• **Task objective**:
Please transcribe the entries that follow exactly as they stand, skipping each picture.
------------------------------------------------------------------------
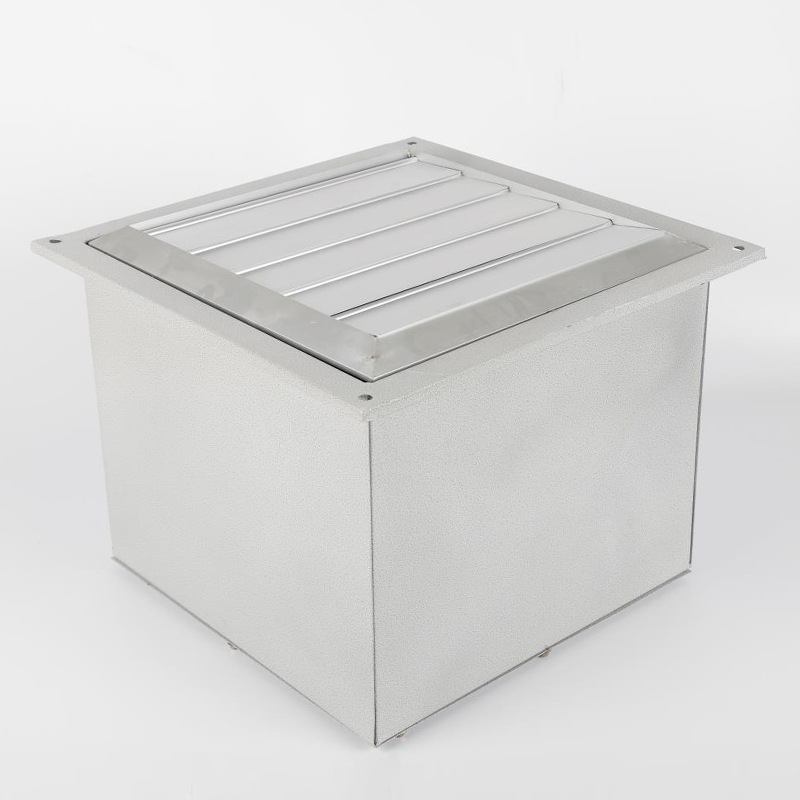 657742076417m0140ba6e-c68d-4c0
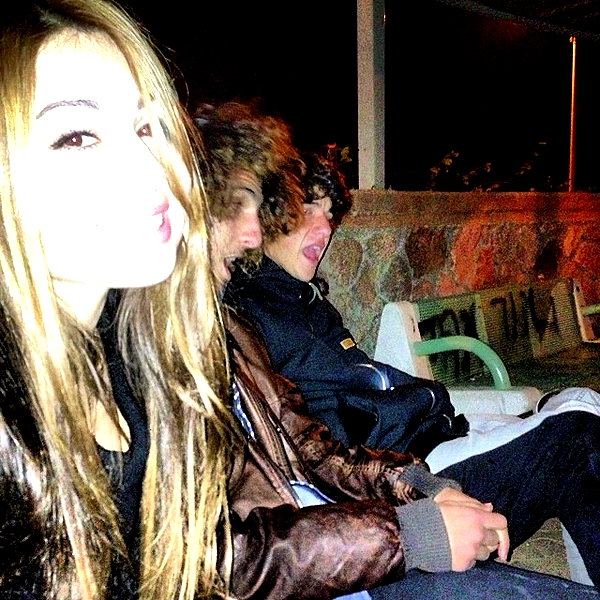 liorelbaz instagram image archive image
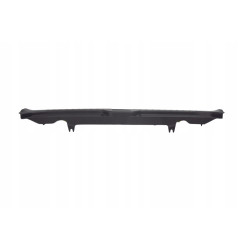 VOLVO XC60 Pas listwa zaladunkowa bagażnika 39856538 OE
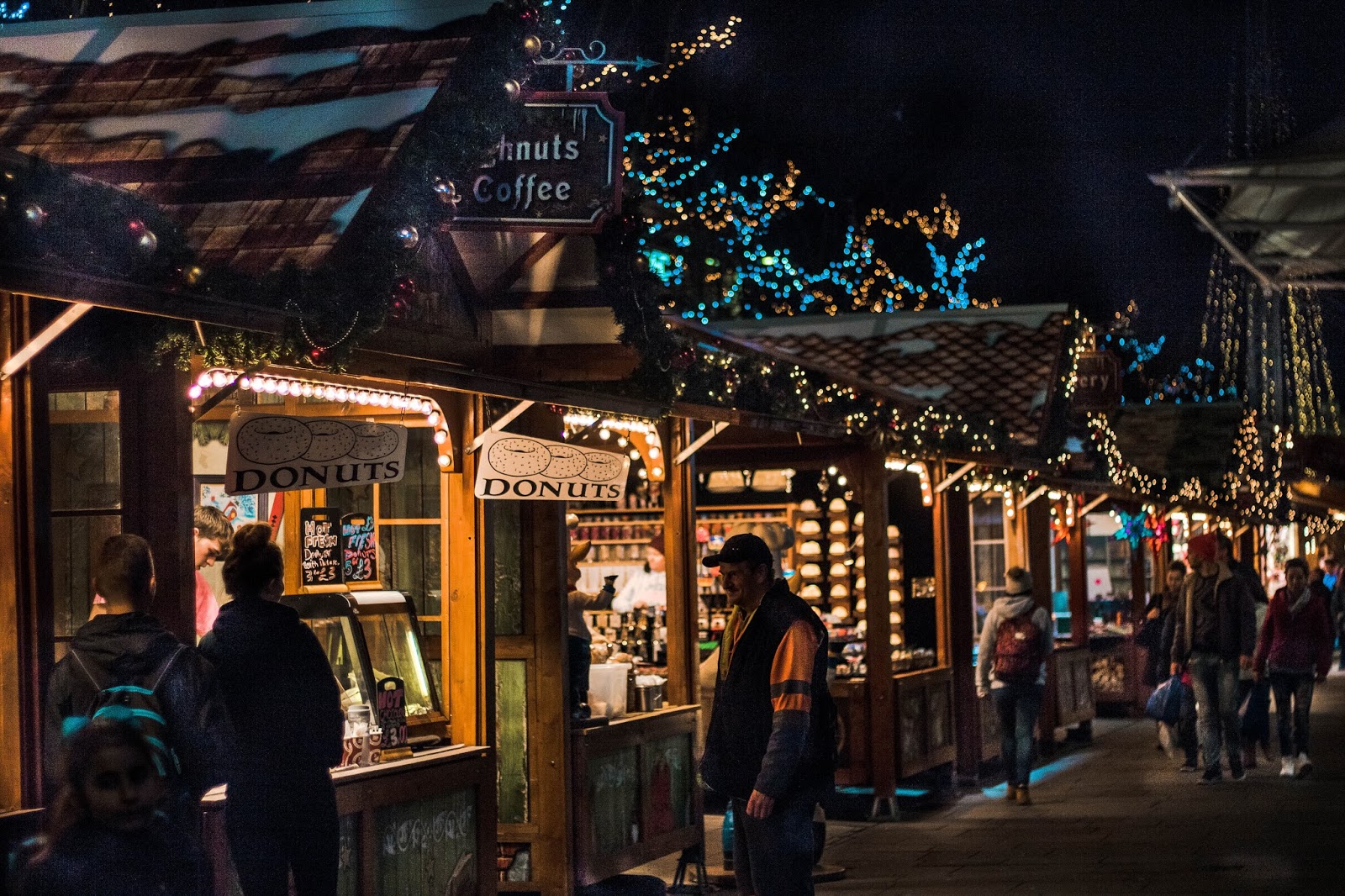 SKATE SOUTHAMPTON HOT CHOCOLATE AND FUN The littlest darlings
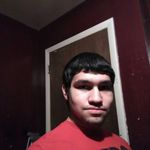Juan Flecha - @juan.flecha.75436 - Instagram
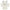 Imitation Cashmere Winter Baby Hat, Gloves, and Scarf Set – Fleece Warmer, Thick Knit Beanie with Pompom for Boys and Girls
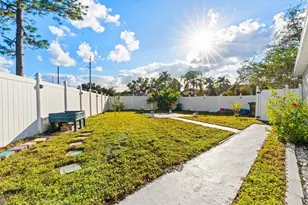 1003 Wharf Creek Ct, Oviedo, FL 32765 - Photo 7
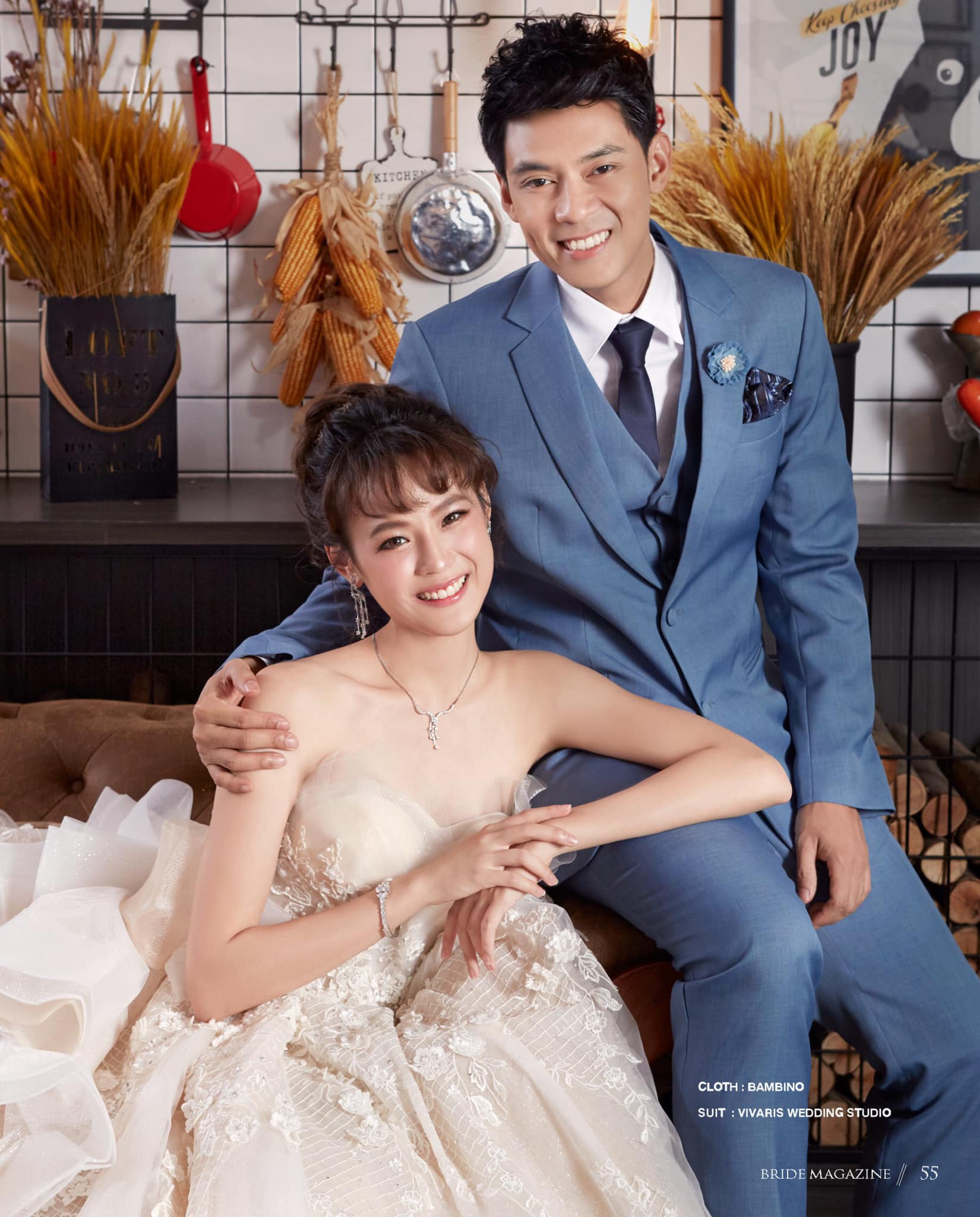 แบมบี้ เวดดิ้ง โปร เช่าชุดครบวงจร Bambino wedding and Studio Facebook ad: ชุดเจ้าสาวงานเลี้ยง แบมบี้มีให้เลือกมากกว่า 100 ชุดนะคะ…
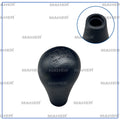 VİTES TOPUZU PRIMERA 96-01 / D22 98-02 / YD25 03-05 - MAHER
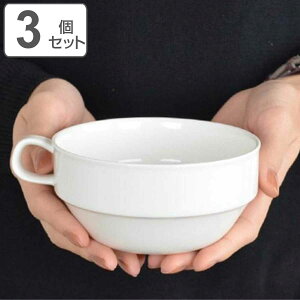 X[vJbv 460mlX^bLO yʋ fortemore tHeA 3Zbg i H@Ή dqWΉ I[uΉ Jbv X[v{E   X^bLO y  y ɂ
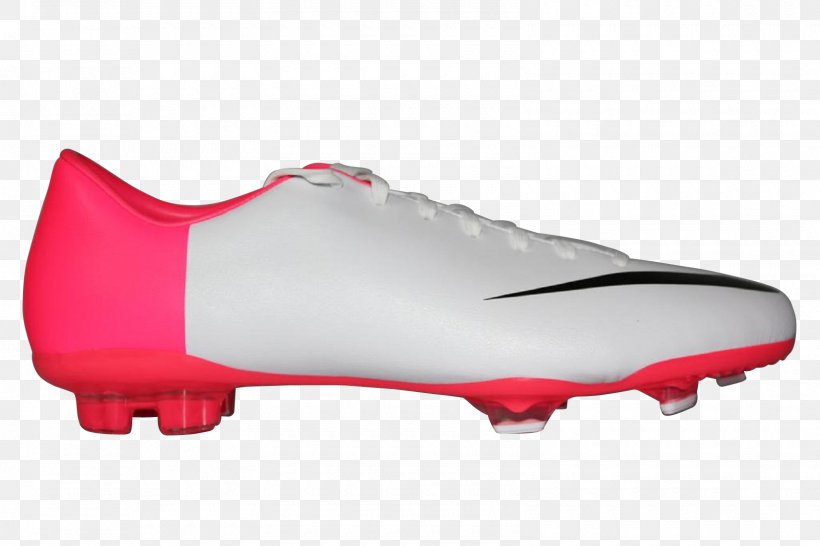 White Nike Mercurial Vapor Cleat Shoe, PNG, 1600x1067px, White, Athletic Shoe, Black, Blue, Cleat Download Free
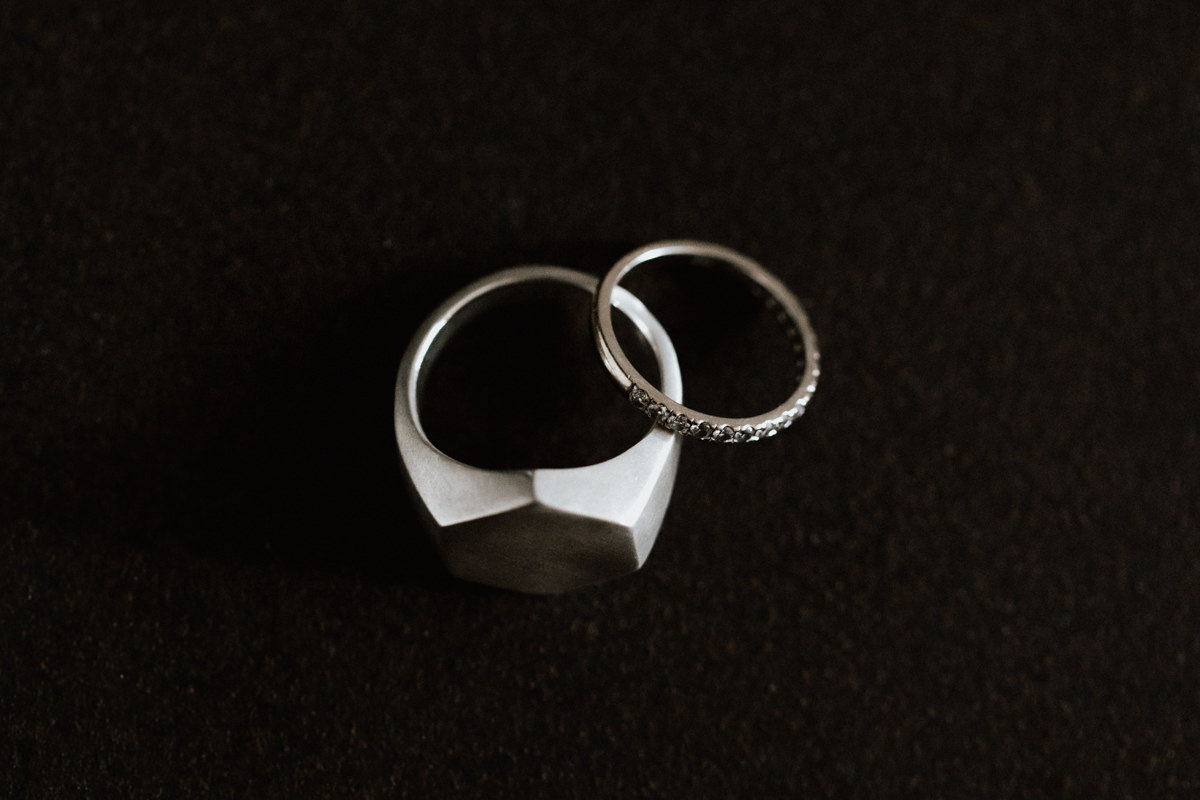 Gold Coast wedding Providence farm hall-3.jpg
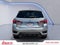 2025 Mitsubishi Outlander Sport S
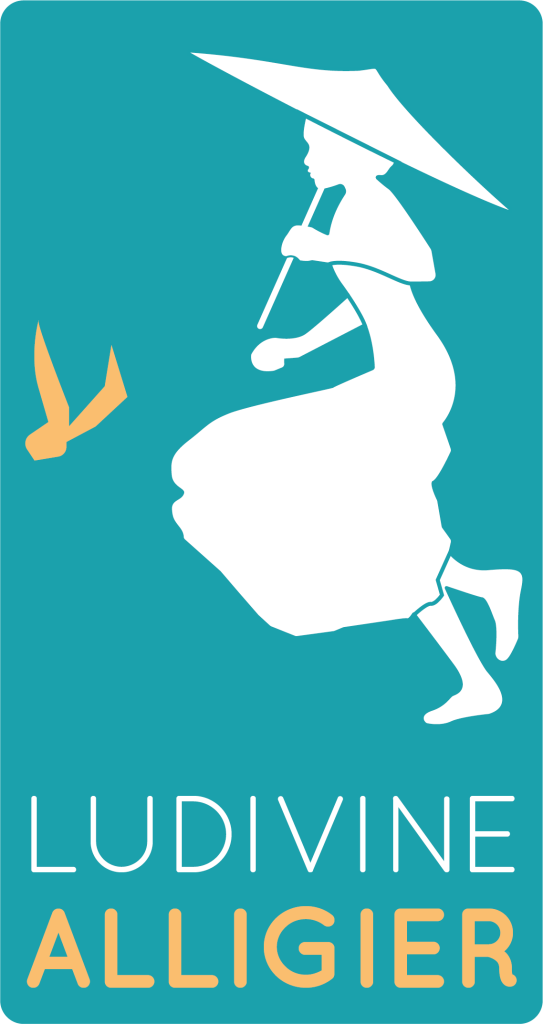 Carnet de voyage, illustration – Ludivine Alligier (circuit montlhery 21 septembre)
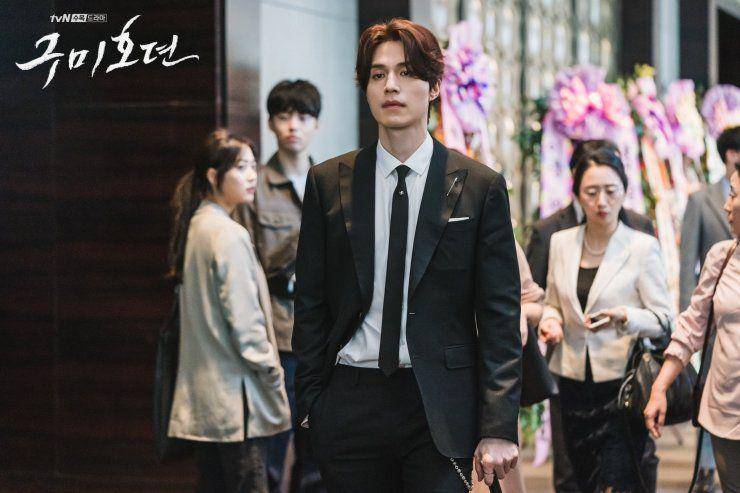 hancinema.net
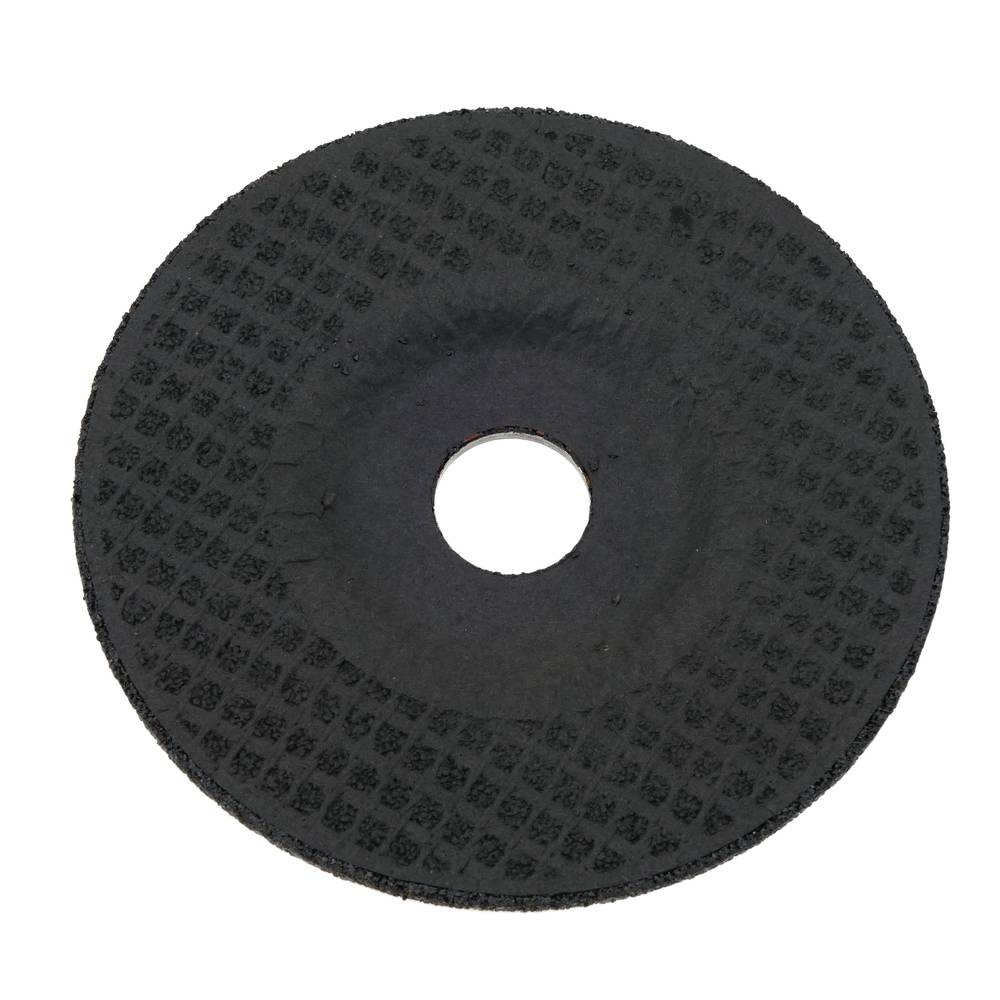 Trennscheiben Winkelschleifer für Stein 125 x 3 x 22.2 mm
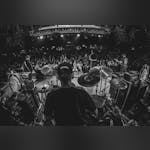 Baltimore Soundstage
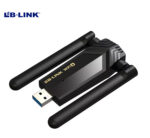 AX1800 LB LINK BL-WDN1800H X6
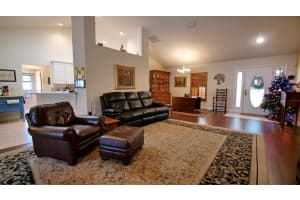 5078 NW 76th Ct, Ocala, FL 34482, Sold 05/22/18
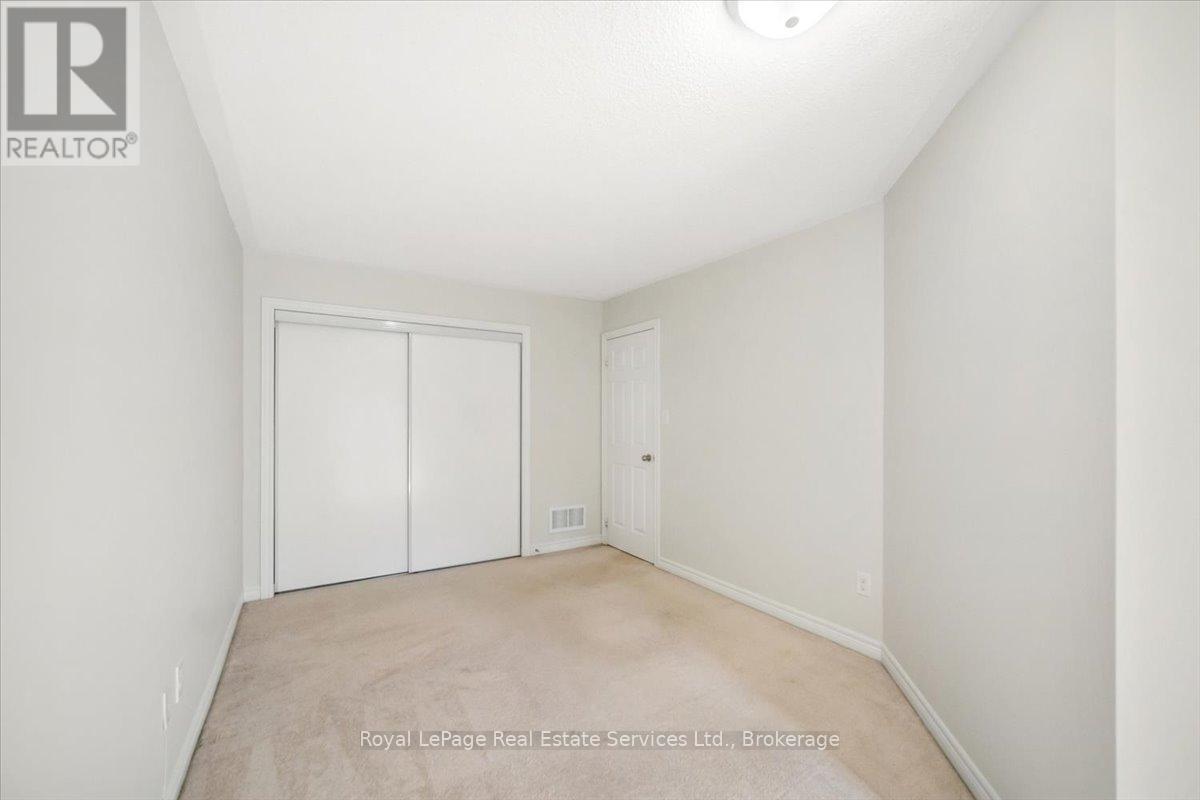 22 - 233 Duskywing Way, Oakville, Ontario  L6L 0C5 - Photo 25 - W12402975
------------------------------------------------------------------------
• **Exercise output**:
 657742076417m0140ba6e-c68d-4c0
 liorelbaz instagram image archive image
 VOLVO XC60 Pas listwa zaladunkowa bagażnika 39856538 OE
 SKATE SOUTHAMPTON HOT CHOCOLATE AND FUN The littlest darlings
Juan Flecha - @juan.flecha.75436 - Instagram
 Imitation Cashmere Winter Baby Hat, Gloves, and Scarf Set – Fleece Warmer, Thick Knit Beanie with Pompom for Boys and Girls
 1003 Wharf Creek Ct, Oviedo, FL 32765 - Photo 7
 แบมบี้ เวดดิ้ง โปร เช่าชุดครบวงจร Bambino wedding and Studio Facebook ad: ชุดเจ้าสาวงานเลี้ยง แบมบี้มีให้เลือกมากกว่า 100 ชุดนะคะ…
 VİTES TOPUZU PRIMERA 96-01 / D22 98-02 / YD25 03-05 - MAHER
 X[vJbv 460mlX^bLO yʋ fortemore tHeA 3Zbg i H@Ή dqWΉ I[uΉ Jbv X[v{E   X^bLO y  y ɂ
 White Nike Mercurial Vapor Cleat Shoe, PNG, 1600x1067px, White, Athletic Shoe, Black, Blue, Cleat Download Free
 Gold Coast wedding Providence farm hall-3.jpg
 2025 Mitsubishi Outlander Sport S
 Carnet de voyage, illustration – Ludivine Alligier (circuit montlhery 21 septembre)
 hancinema.net
 Trennscheiben Winkelschleifer für Stein 125 x 3 x 22.2 mm
 Baltimore Soundstage
 AX1800 LB LINK BL-WDN1800H X6
 5078 NW 76th Ct, Ocala, FL 34482, Sold 05/22/18
 22 - 233 Duskywing Way, Oakville, Ontario  L6L 0C5 - Photo 25 - W12402975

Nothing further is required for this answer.